(Information Opens)

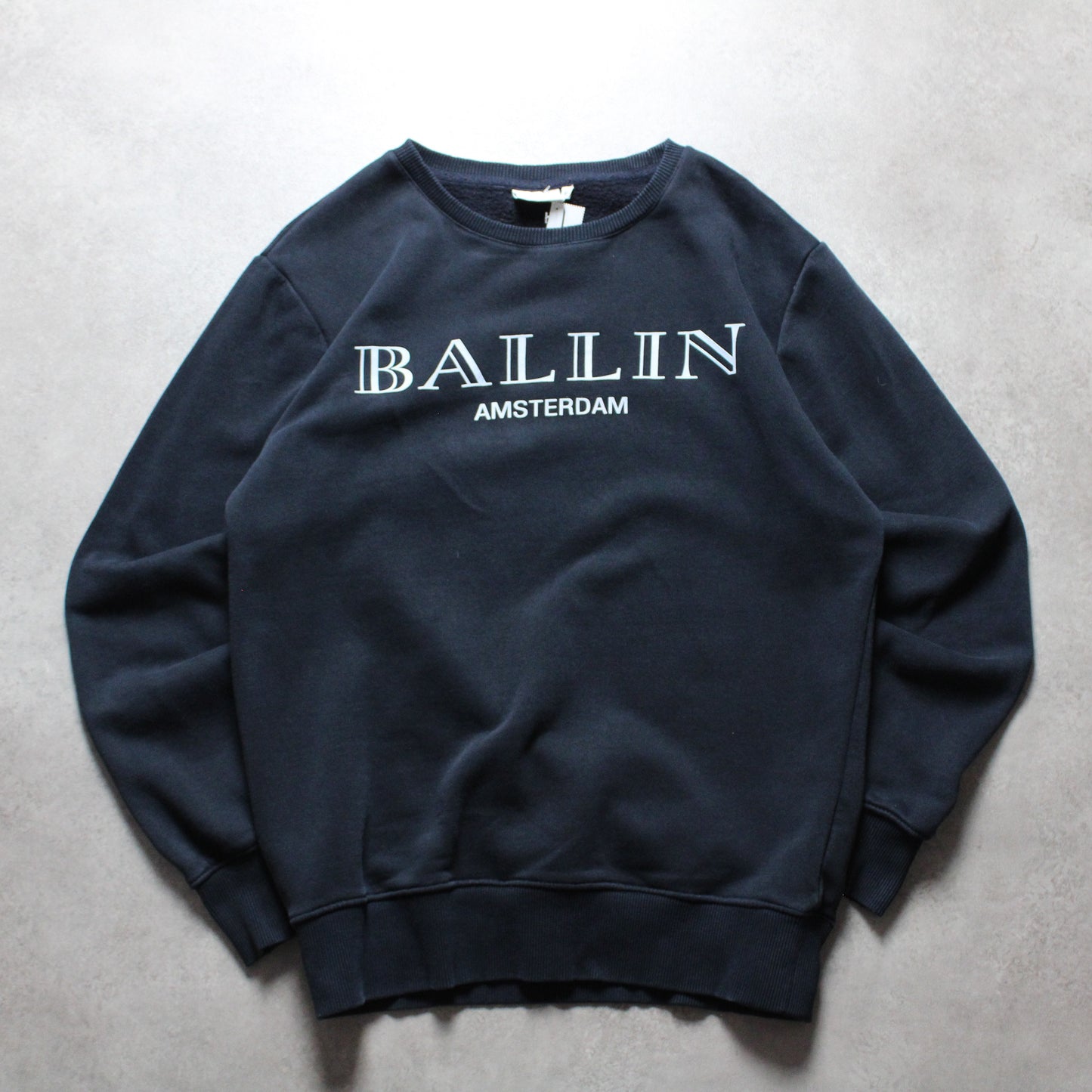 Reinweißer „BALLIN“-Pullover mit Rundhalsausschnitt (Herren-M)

(Information Closes)
(Information Opens)

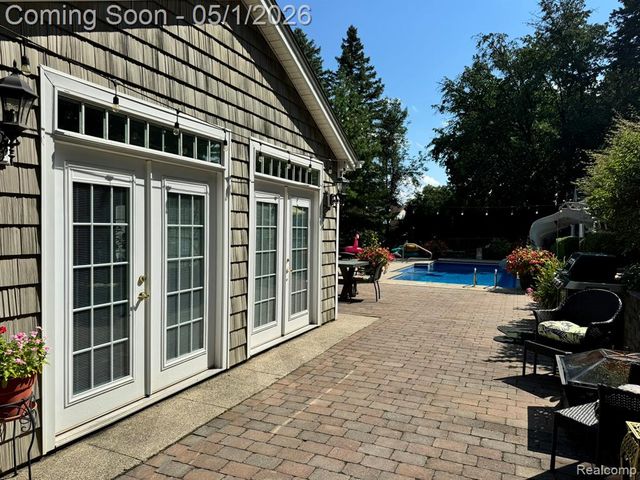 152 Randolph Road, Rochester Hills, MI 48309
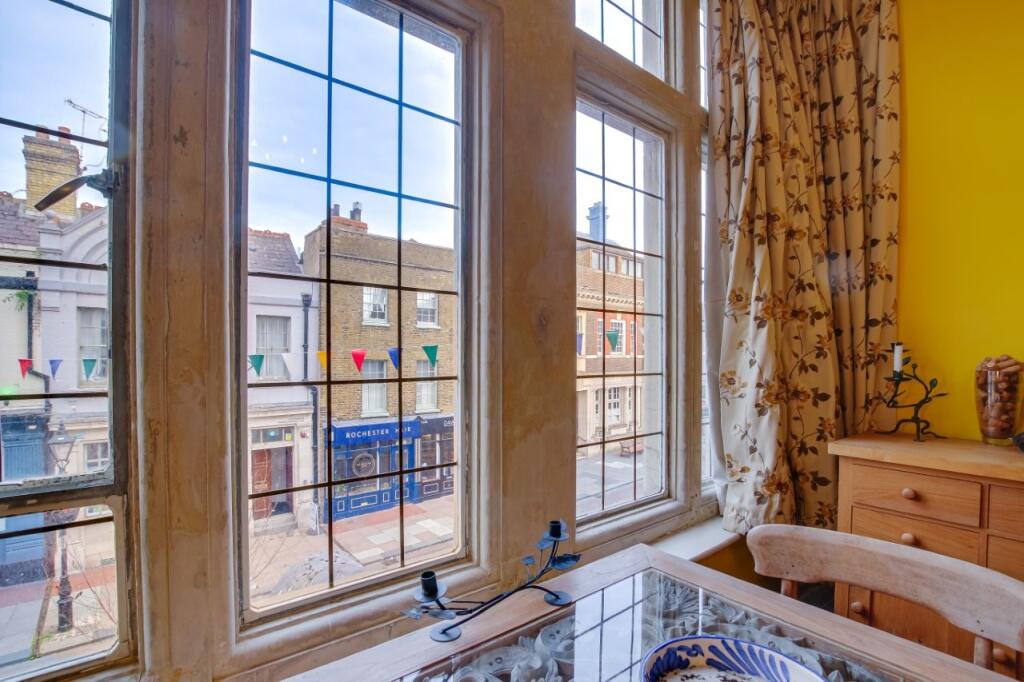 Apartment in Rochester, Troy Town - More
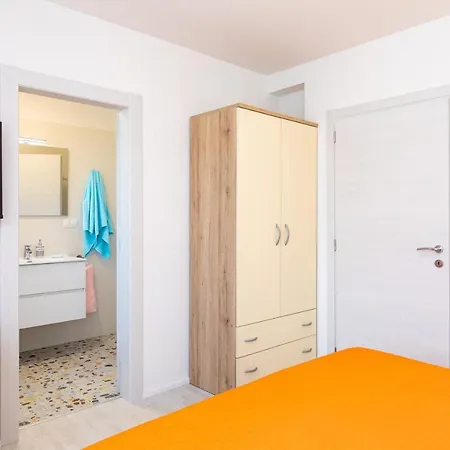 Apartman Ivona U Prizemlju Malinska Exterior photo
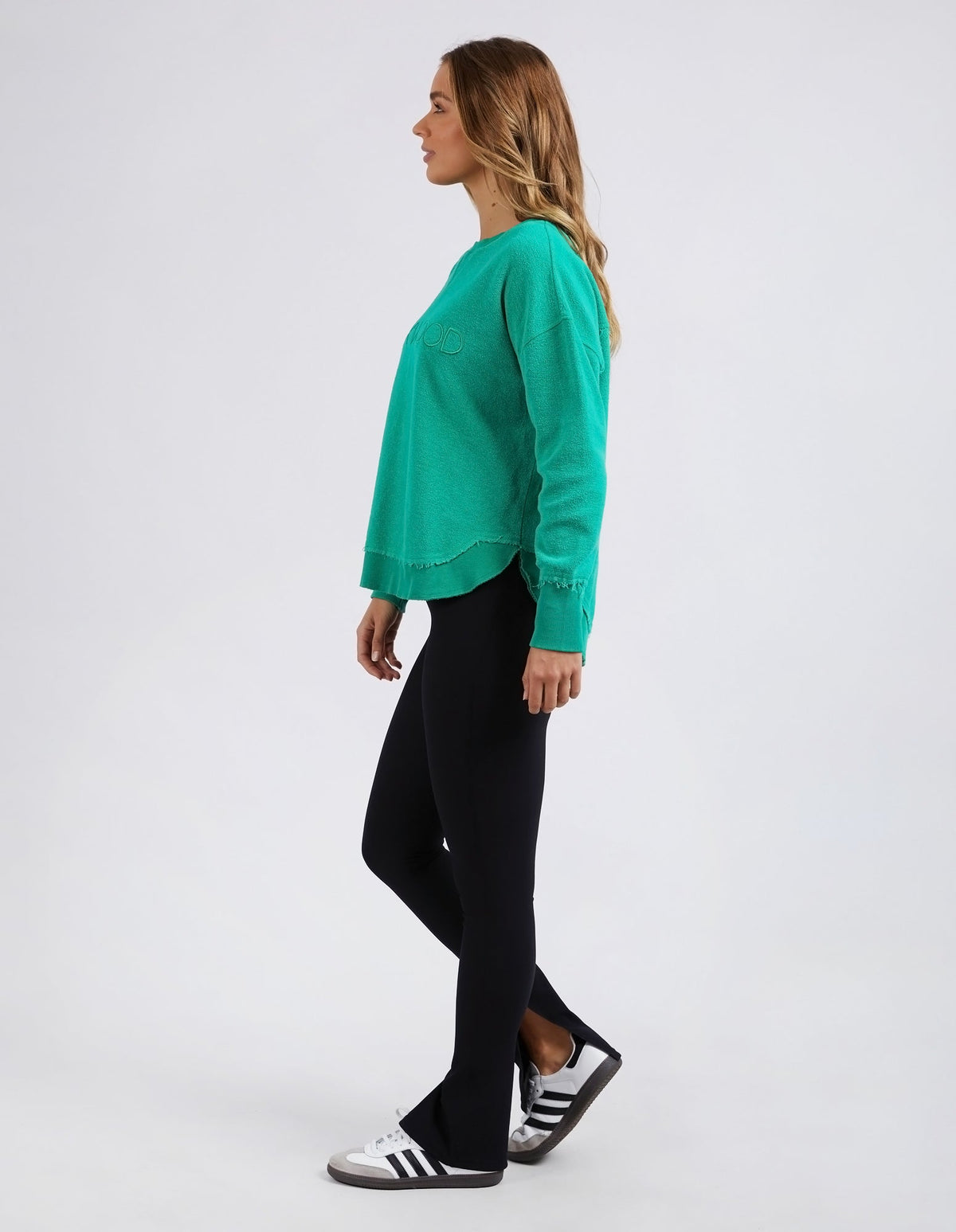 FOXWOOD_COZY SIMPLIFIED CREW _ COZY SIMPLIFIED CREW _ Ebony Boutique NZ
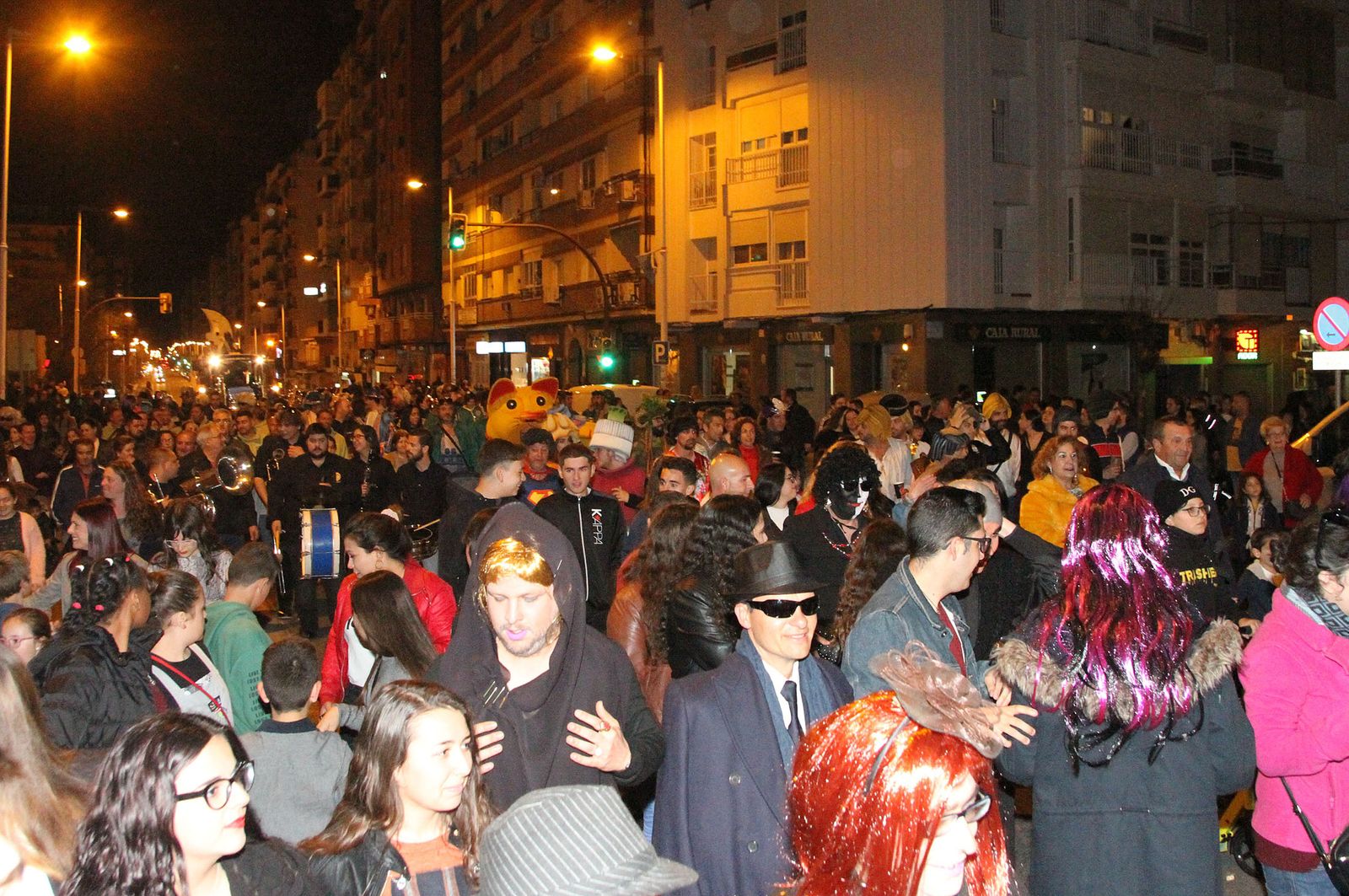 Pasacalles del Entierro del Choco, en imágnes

(Information Closes)

Within the listing above, the lines from the one with "FOXWOOD_COZY SIMPLIFIED CREW" through the one with "Pasacalles del Entierro" are to be given again word for word. Do not include pictures.

## Written solution
 FOXWOOD_COZY SIMPLIFIED CREW _ COZY SIMPLIFIED CREW _ Ebony Boutique NZ
 Pasacalles del Entierro del Choco, en imágnes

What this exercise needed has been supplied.